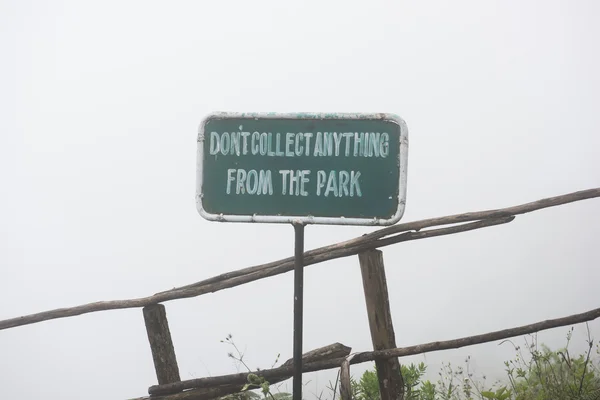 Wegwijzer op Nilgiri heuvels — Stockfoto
* * *
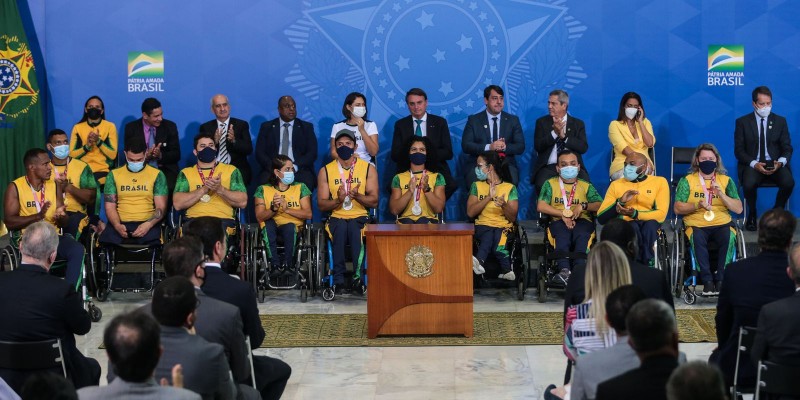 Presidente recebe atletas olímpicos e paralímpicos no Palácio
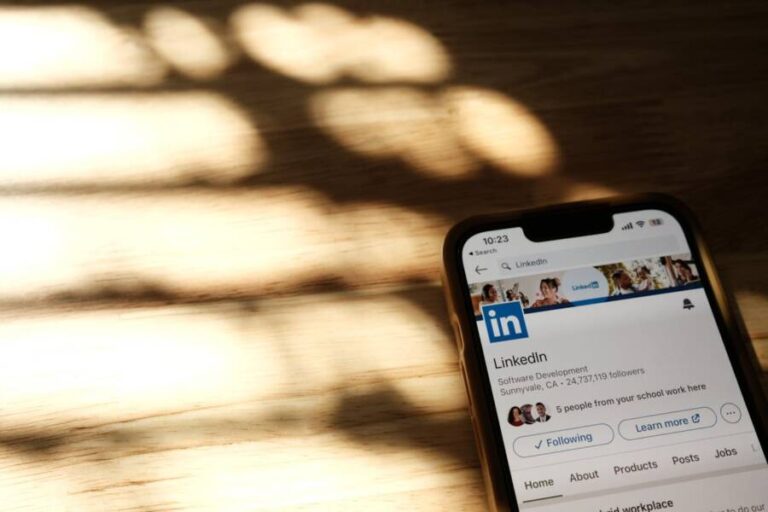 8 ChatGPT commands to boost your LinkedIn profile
--
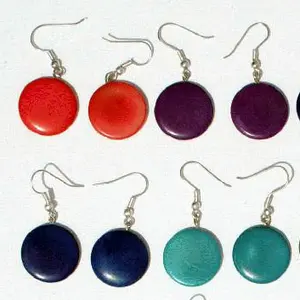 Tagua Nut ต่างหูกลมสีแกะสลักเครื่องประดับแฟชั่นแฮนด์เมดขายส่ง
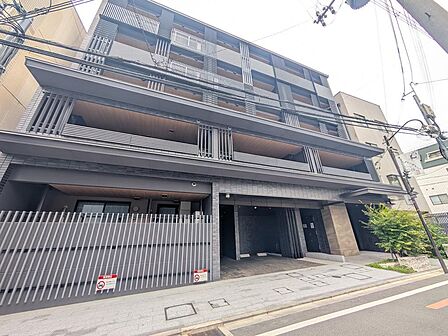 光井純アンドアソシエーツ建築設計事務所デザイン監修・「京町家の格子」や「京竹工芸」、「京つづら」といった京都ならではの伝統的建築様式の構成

> **WHAT THE EXERCISE ASKS**: Copy word for word the lines above, starting at the line containing "Tagua Nut ต่างหูกลมสีแกะสลักเครื่องประดับแฟชั่นแฮนด์เมดขายส่ง" and ending at the line containing "光井純アンドアソシエーツ建築", inclusive, with no pictures.

> **RESULT OF THE TASK**:
 Tagua Nut ต่างหูกลมสีแกะสลักเครื่องประดับแฟชั่นแฮนด์เมดขายส่ง
 光井純アンドアソシエーツ建築設計事務所デザイン監修・「京町家の格子」や「京竹工芸」、「京つづら」といった京都ならではの伝統的建築様式の構成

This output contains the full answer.